_ASSIGNMENT_
Return the listing below verbatim. Pictures do not belong in the copy.

_INFORMATION SHOWN_
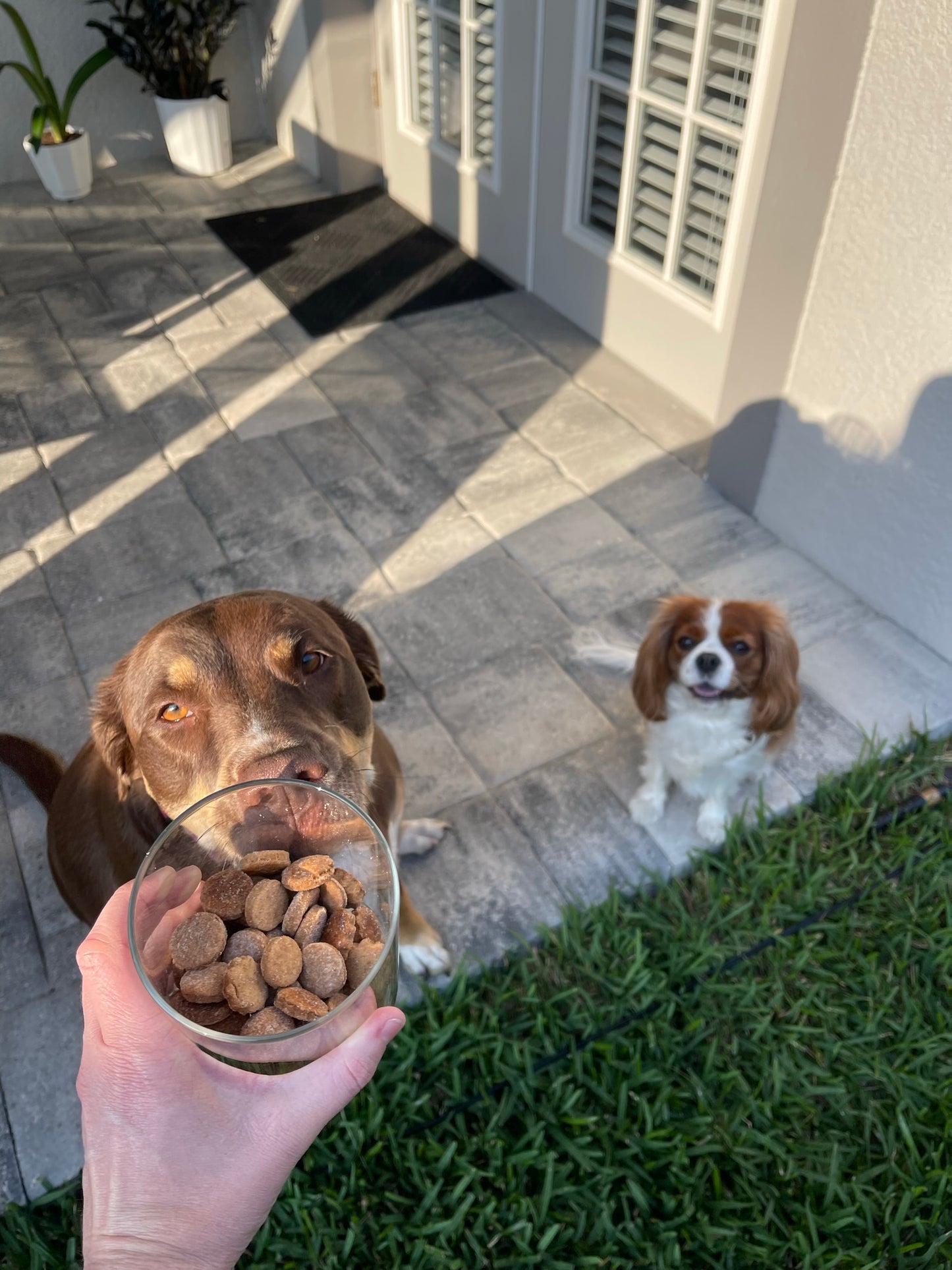 Peanut Butter Training Treats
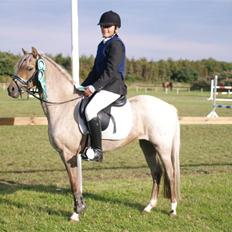 Welsh Pony (sec B) Låddenhøjs Medina SOLGT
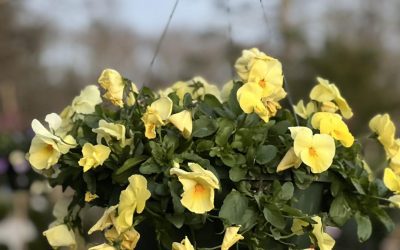 Sunset Nurseries News 2 Beautiful day for planting!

_EXERCISE OUTPUT_
 Peanut Butter Training Treats
 Welsh Pony (sec B) Låddenhøjs Medina SOLGT
 Sunset Nurseries News 2 Beautiful day for planting!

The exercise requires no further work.